I saw a thread about the 2.1.4 nanobsd URLs pointing at the VGA instead of serial ones (or whatever exactly). I figured I'd be in the clear since we're on 2.1.5 now…

Your reply to this thread made me think to check ... and "darn it!" -- I have a pound prompt # once again. Instead of the expected pfsense menu.


# echo $SHELL
/bin/sh

# uptime
 8:35PM  up 1 day, 36 mins, 1 user, load averages: 0.01, 0.02, 0.08

# uname -a
FreeBSD fw0.localdomain 8.3-RELEASE-p16 FreeBSD 8.3-RELEASE-p16 #0: Mon Aug 25 08:27:41 EDT 2014     root@pf2_1_1_i386.pfsense.org:/usr/obj.i386/usr/pfSensesrc/src/sys/pfSense_wrap.8.i386  i386

# cat /etc/version*
2.1.5-RELEASE
Mon Aug 25 07:44:26 EDT 2014
a94b9befbdee3beaea5741e105336c7fba77e3de
8.3
8.1

; now jump into the ALIX via SSH
[2.1.5-RELEASE][admin@fw0.localdomain]/root(2): fstat | awk '\!/CMD/{print $2}' | sort | uniq -c | sort -n | tail -n5
  25 racoon
  36 minicron
  36 syslogd
  52 php
 355 filterdns

[2.1.5-RELEASE][admin@fw0.localdomain]/root(4): top -d1 | head -n5
last pid: 95974;  load averages:  0.03,  0.05,  0.07  up 1+00:42:50    20:41:35
41 processes:  2 running, 39 sleeping

Mem: 37M Active, 11M Inact, 71M Wired, 1008K Cache, 33M Buf, 110M Free
Swap:

[2.1.5-RELEASE][admin@fw0.localdomain]/root(17): grep "`date +'%b %d'`" /var/log/system.log | grep kill
Sep 10 10:13:36 fw0 kernel: pid 5517 (php), uid 0, was killed: out of swap space
Sep 10 10:13:38 fw0 kernel: pid 6078 (php), uid 0, was killed: out of swap space
Sep 10 10:13:40 fw0 kernel: pid 5853 (php), uid 0, was killed: out of swap space
Sep 10 10:13:42 fw0 kernel: pid 7292 (php), uid 0, was killed: out of swap space
Sep 10 12:26:53 fw0 kernel: pid 86265 (php), uid 0, was killed: out of swap space
Sep 10 12:26:55 fw0 kernel: pid 87438 (php), uid 0, was killed: out of swap space
Sep 10 12:26:57 fw0 kernel: pid 86911 (php), uid 0, was killed: out of swap space
Sep 10 12:26:59 fw0 kernel: pid 85831 (php), uid 0, was killed: out of swap space
Sep 10 13:18:26 fw0 kernel: pid 51718 (php), uid 0, was killed: out of swap space
Sep 10 13:18:28 fw0 kernel: pid 52134 (php), uid 0, was killed: out of swap space
Sep 10 13:18:30 fw0 kernel: pid 51889 (php), uid 0, was killed: out of swap space
Sep 10 17:39:45 fw0 kernel: pid 66578 (php), uid 0, was killed: out of swap space
Sep 10 17:39:46 fw0 kernel: pid 66237 (php), uid 0, was killed: out of swap space

Holy cow … what in the blazes is going on with filterdns!?!?!?
355 open file handles in just over 24 hours.

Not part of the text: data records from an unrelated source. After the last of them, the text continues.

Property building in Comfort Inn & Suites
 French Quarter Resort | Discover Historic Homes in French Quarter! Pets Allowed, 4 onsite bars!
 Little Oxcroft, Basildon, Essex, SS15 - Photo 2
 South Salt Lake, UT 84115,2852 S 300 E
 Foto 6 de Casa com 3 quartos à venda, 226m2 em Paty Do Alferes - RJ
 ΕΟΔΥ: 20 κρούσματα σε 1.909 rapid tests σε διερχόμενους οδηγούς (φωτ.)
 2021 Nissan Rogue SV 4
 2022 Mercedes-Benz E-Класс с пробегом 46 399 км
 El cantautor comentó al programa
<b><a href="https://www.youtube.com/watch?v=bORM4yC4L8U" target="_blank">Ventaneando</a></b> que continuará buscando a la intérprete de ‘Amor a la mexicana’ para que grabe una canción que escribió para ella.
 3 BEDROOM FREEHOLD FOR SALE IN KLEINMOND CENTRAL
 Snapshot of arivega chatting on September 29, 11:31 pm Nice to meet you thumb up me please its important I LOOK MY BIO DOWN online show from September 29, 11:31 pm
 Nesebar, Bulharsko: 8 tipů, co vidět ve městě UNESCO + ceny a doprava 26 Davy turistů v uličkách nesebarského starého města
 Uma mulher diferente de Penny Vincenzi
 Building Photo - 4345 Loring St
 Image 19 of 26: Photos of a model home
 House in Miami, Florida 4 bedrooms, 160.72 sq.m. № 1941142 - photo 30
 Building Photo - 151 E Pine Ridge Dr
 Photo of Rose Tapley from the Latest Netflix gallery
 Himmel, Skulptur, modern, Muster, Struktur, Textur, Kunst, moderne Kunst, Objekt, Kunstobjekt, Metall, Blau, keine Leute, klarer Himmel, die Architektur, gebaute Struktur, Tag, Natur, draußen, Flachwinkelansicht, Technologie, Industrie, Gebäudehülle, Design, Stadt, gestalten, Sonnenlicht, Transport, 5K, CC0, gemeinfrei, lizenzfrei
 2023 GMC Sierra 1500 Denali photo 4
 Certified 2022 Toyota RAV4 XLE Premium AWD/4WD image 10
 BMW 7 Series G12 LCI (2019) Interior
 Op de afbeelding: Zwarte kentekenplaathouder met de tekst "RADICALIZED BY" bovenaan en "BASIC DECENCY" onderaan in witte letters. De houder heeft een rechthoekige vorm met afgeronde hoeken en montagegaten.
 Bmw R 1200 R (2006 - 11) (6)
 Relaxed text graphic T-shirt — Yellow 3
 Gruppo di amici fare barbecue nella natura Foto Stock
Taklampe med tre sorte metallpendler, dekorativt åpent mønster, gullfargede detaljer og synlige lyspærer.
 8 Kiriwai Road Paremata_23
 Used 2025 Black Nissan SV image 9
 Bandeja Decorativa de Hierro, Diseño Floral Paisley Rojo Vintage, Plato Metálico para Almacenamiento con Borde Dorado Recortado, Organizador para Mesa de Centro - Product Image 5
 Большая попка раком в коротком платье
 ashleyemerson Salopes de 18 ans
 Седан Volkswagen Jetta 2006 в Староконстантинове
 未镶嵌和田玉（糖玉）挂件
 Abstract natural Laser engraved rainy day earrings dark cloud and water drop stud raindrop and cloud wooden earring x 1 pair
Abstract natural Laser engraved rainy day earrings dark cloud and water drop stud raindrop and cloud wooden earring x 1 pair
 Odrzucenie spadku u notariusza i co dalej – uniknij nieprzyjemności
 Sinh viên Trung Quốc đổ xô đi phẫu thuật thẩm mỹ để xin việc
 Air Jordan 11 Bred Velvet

And the notion of "out of swap space" is just not right, there is no swap space. I guess the likely case is that the system is low on RAM, throws this error, and starts OOM killing procs.

I'm open to ideas from the pfSense community as well as pfSene admins/developers.
I suspect my next step will be to re-examine my firewall rules … I don't have many and there aren't that many aliases.

stephenw10

Your use of awk and piped commands is impresive! :)
Check /etc/platform to make sure you're still on Nano. You are seeing far more on the serial port than you would in nano+vga.
Yes the swap errors are really out of memory in Nano. Are you running any packages?

Steve

silvertip257

@stephenw10:

Your use of awk and piped commands is impresive! :)
Check /etc/platform to make sure you're still on Nano. You are seeing far more on the serial port than you would in nano+vga.
Yes the swap errors are really out of memory in Nano. Are you running any packages?

Steve

awk, sed, regexes are part of my day job (I'm no expert, but I'm exercising my mind!) :)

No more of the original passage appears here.